Saved entries:
== Segment start ==

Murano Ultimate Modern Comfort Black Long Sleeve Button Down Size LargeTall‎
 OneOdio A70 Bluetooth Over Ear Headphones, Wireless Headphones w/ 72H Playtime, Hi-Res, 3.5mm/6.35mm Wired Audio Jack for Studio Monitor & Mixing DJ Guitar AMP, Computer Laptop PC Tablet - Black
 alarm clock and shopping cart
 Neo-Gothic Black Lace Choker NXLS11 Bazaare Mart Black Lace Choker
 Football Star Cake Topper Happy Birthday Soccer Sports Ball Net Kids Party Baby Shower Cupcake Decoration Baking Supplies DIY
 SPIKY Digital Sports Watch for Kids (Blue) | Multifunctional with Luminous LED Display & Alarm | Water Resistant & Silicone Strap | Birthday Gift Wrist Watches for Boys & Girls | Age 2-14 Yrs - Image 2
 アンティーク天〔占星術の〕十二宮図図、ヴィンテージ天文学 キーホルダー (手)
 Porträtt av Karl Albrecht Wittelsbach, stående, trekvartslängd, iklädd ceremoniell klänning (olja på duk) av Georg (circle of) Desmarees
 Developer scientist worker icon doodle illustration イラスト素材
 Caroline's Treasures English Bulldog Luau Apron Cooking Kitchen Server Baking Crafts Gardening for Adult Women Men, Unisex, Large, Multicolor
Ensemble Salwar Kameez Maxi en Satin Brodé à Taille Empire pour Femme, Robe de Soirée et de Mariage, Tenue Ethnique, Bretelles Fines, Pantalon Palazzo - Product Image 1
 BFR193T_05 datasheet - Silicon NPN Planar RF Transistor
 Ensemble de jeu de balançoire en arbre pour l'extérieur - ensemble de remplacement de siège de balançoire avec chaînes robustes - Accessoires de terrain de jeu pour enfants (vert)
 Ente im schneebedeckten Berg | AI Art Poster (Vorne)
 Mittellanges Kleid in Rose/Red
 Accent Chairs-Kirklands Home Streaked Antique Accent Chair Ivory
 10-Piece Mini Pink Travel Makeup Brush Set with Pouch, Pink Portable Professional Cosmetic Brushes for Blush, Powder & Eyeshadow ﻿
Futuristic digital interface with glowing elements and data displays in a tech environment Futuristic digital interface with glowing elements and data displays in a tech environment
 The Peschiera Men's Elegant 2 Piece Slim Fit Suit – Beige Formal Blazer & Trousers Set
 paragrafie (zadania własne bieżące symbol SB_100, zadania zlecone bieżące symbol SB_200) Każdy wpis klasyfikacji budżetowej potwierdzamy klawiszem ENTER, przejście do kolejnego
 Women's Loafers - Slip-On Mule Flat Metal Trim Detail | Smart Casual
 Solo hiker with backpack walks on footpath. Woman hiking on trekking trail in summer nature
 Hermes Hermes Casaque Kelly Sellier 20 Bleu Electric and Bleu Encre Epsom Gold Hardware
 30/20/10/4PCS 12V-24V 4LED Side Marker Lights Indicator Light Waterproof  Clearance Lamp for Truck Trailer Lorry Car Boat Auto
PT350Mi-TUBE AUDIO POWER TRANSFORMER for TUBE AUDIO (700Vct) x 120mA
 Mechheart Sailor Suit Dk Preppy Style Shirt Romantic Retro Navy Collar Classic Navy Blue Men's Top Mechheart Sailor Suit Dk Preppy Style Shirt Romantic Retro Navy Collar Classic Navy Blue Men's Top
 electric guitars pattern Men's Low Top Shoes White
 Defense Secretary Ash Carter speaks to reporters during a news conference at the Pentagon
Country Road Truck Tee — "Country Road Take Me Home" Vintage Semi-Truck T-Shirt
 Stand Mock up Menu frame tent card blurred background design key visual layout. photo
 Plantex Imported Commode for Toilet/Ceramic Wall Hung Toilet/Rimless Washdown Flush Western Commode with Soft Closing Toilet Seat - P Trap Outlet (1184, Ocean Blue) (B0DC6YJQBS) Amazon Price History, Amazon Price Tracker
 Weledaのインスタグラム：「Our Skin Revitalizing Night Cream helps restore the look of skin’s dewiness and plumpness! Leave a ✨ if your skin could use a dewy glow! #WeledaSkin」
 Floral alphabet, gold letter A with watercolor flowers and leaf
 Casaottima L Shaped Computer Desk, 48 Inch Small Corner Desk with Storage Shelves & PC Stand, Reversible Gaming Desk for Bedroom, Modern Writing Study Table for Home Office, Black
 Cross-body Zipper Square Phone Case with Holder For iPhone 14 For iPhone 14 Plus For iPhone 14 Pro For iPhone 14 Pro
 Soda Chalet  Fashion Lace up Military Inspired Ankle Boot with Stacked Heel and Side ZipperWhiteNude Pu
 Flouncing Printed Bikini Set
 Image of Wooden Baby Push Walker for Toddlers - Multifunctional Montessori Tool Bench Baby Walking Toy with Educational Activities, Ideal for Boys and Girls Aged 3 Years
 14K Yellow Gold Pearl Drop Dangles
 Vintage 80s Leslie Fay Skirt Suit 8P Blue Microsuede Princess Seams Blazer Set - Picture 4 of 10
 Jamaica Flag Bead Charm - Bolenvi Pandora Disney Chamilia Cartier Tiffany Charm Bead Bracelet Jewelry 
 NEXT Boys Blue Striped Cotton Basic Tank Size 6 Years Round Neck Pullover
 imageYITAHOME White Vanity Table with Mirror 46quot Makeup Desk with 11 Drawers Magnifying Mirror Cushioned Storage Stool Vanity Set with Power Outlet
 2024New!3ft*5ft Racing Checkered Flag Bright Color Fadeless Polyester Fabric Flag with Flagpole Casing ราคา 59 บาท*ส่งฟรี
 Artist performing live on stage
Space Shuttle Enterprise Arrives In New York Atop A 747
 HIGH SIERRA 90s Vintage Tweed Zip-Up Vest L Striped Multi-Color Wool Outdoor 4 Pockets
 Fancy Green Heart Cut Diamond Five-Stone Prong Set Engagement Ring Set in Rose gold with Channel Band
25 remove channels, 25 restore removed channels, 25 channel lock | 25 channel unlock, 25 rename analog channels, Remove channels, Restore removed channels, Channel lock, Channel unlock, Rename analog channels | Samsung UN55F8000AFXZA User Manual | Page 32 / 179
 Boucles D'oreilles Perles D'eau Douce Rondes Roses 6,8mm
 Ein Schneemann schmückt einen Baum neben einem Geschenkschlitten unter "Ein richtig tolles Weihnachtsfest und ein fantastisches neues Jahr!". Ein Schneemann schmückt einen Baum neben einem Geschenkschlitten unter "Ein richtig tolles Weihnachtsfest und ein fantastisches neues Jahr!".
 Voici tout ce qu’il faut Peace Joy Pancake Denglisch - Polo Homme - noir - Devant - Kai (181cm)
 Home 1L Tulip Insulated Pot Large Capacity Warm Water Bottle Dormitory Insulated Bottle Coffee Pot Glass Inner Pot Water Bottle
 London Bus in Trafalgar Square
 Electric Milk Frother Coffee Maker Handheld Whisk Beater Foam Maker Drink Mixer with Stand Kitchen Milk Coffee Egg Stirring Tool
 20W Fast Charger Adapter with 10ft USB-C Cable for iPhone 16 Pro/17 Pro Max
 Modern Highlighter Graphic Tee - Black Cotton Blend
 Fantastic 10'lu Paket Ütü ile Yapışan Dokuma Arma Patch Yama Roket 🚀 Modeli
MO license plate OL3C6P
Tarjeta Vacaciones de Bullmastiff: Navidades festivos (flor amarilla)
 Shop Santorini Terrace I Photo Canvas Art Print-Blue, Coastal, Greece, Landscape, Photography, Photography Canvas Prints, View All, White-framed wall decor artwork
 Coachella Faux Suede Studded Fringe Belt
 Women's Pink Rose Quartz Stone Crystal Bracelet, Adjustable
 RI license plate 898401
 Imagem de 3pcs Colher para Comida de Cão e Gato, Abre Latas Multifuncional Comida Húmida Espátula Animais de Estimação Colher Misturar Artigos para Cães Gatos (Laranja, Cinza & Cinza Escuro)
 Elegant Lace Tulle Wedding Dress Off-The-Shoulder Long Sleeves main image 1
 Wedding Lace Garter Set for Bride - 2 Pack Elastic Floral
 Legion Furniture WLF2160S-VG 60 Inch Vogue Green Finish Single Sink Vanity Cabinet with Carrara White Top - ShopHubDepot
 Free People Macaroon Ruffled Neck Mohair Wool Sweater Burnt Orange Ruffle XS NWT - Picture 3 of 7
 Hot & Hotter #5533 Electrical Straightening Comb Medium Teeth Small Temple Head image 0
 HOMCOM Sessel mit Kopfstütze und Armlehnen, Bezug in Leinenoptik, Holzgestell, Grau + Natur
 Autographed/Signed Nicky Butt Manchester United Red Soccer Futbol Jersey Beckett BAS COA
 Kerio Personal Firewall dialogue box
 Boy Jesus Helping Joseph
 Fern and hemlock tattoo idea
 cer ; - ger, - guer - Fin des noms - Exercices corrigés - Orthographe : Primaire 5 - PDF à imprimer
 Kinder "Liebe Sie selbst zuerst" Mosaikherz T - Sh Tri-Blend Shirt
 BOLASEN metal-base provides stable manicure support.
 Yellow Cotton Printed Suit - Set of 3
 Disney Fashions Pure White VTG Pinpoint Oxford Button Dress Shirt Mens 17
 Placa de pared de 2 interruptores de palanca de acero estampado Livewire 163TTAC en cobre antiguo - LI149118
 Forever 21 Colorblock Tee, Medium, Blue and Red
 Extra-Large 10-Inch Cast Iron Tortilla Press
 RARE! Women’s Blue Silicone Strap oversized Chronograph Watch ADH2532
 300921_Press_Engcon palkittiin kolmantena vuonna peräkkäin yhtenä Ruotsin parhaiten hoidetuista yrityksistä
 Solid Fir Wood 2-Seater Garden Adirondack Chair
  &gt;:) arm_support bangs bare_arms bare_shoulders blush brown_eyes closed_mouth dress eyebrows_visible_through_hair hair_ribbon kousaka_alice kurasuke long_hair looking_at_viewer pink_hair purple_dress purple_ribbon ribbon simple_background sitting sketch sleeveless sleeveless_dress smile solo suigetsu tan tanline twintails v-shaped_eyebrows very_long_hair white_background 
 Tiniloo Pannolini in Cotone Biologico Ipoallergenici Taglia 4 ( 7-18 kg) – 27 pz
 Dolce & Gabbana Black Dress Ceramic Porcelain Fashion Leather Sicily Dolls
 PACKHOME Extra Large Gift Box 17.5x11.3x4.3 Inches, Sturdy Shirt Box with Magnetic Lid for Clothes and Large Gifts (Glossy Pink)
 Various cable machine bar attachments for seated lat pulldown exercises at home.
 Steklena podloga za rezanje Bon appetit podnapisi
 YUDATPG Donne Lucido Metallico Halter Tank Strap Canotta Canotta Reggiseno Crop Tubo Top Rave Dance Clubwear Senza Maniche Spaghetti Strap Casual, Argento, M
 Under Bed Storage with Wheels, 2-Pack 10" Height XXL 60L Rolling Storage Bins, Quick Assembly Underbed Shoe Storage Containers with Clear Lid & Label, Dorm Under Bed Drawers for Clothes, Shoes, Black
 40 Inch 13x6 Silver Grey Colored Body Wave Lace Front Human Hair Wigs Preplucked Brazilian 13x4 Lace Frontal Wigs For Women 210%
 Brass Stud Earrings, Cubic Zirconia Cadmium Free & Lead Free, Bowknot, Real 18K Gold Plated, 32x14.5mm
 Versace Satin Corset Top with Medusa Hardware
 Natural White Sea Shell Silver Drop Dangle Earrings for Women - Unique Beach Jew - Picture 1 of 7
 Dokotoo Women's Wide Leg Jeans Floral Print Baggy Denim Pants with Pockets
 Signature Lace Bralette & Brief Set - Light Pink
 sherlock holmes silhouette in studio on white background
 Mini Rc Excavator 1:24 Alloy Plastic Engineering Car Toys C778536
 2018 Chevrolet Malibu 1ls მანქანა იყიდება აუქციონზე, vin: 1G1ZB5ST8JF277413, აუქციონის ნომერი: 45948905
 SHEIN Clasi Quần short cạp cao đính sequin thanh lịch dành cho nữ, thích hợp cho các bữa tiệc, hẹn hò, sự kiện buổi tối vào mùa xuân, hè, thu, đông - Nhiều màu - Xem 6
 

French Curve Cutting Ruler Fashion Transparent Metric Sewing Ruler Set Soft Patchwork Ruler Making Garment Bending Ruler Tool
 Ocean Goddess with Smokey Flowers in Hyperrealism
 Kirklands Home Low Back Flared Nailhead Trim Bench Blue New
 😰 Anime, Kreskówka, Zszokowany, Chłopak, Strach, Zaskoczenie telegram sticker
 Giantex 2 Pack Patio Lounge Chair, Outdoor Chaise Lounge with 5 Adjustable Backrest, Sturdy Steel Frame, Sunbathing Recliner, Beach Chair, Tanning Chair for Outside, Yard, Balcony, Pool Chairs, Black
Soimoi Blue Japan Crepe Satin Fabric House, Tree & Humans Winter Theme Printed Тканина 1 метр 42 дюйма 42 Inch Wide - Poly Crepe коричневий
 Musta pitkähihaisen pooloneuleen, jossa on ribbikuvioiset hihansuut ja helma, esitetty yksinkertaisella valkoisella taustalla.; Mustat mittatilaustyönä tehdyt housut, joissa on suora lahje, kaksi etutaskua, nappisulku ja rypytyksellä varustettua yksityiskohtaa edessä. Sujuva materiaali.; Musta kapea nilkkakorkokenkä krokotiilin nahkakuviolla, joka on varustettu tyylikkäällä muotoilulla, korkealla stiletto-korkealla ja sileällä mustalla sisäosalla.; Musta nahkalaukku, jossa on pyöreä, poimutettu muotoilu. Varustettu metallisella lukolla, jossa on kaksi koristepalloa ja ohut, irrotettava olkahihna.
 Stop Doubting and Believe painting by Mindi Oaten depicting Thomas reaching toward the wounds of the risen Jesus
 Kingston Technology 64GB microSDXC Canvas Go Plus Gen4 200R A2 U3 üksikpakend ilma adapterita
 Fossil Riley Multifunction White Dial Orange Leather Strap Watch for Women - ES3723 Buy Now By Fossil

== Segment end ==

> What is being asked: In the records above, the line with "Shop Santorini Terrace" marks the start and the line with "Extra-Large 10-Inch Cast Iron Tortilla Press" marks the end; copy that stretch exactly, both lines included, and nothing else.

> Answer below:
 Shop Santorini Terrace I Photo Canvas Art Print-Blue, Coastal, Greece, Landscape, Photography, Photography Canvas Prints, View All, White-framed wall decor artwork
 Coachella Faux Suede Studded Fringe Belt
 Women's Pink Rose Quartz Stone Crystal Bracelet, Adjustable
 RI license plate 898401
 Imagem de 3pcs Colher para Comida de Cão e Gato, Abre Latas Multifuncional Comida Húmida Espátula Animais de Estimação Colher Misturar Artigos para Cães Gatos (Laranja, Cinza & Cinza Escuro)
 Elegant Lace Tulle Wedding Dress Off-The-Shoulder Long Sleeves main image 1
 Wedding Lace Garter Set for Bride - 2 Pack Elastic Floral
 Legion Furniture WLF2160S-VG 60 Inch Vogue Green Finish Single Sink Vanity Cabinet with Carrara White Top - ShopHubDepot
 Free People Macaroon Ruffled Neck Mohair Wool Sweater Burnt Orange Ruffle XS NWT - Picture 3 of 7
 Hot & Hotter #5533 Electrical Straightening Comb Medium Teeth Small Temple Head image 0
 HOMCOM Sessel mit Kopfstütze und Armlehnen, Bezug in Leinenoptik, Holzgestell, Grau + Natur
 Autographed/Signed Nicky Butt Manchester United Red Soccer Futbol Jersey Beckett BAS COA
 Kerio Personal Firewall dialogue box
 Boy Jesus Helping Joseph
 Fern and hemlock tattoo idea
 cer ; - ger, - guer - Fin des noms - Exercices corrigés - Orthographe : Primaire 5 - PDF à imprimer
 Kinder "Liebe Sie selbst zuerst" Mosaikherz T - Sh Tri-Blend Shirt
 BOLASEN metal-base provides stable manicure support.
 Yellow Cotton Printed Suit - Set of 3
 Disney Fashions Pure White VTG Pinpoint Oxford Button Dress Shirt Mens 17
 Placa de pared de 2 interruptores de palanca de acero estampado Livewire 163TTAC en cobre antiguo - LI149118
 Forever 21 Colorblock Tee, Medium, Blue and Red
 Extra-Large 10-Inch Cast Iron Tortilla Press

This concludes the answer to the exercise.